Interessante notare che l’intesa che ha messo tutti d’accordo è stata raggiunta attorno a figure come al-Dbeibah e al-Menfi, importanti dal punto di vista economico, ma politicamente secondarie. È in qualche modo il successo di un’innovativa formula di compromesso che vede emergere figure pragmatiche e fluide, trasversali alle varie basi di potere e che per legami familiari, etnici e collegamenti tanto con le figure del vecchio regime di Gheddafi quanto con gli ambienti della rivoluzione, rappresentano la miglior cerniera tra le tante anime frantumate della Libia di oggi.
Prospettive future
La creazione di un nuovo governo di unità nazionale che, per il momento, ha un ampio consenso sia interno che internazionale rappresenta un importante sbocco del processo avviato a Berlino un anno fa, quando le Nazioni Unite hanno iniziato a riprendere in mano il filo della transizione politica che era stato spezzato dall’attacco militare di Haftar contro la Tripolitania. Dopo che l’offensiva di Haftar si è trasformata in una dispendiosa ed infruttuosa guerra di logoramento alla periferia di Tripoli a causa del massiccio intervento militare turco, la contrapposizione tra Tripolitania e Cirenaica si era congelata attorno alla città di Sirte seguendo le sfere di influenza turca e russa.

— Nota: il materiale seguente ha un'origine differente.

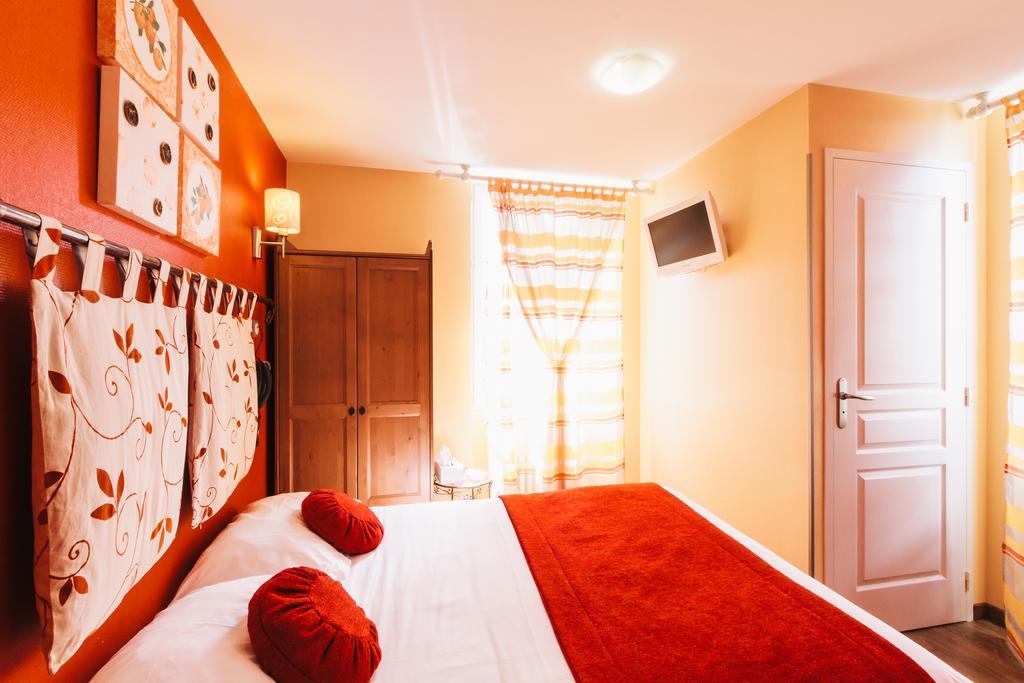 La Bonne Auberge Nouzerines ภายนอก รูปภาพ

Come l’intervento turco aveva bloccato l’avanzata di Haftar su Tripoli, così il rafforzamento della presenza russa aveva impedito la controffensiva delle forze di Tripoli verso la Cirenaica. Il dispiegamento di migliaia di mercenari stranieri da ambo le parti, tra cui russi e siriani, ha portato però alla forte perdita della ownership libica del conflitto con un impressionante presenza non solo di interessi stranieri, ma anche di forze militari straniere. Il deterioramento della situazione economica, lo stallo militare e l’eccessivo peso straniero sono tutti fattori che hanno contribuito a creare quegli spazi di manovra per un’intesa intra-libica che fino ad oggi era stata impossibile.

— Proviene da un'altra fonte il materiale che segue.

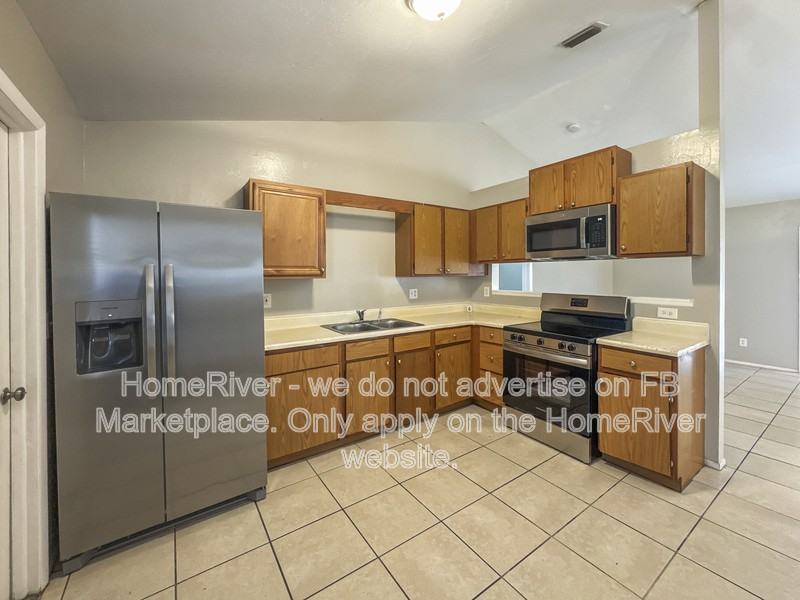 1720 Sw 3rd Pl - Photo 5 of 25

I compiti del nuovo governo transitorio sono però davvero ardui e non sarà facile in pochi mesi mettere in sicurezza economica il Paese e preparare le elezioni per dicembre in assenza di una legge elettorale e con una Costituzione in bozza. Non è dunque da escludersi che il nuovo governo ad interim possa essere prorogato oltre il 2021.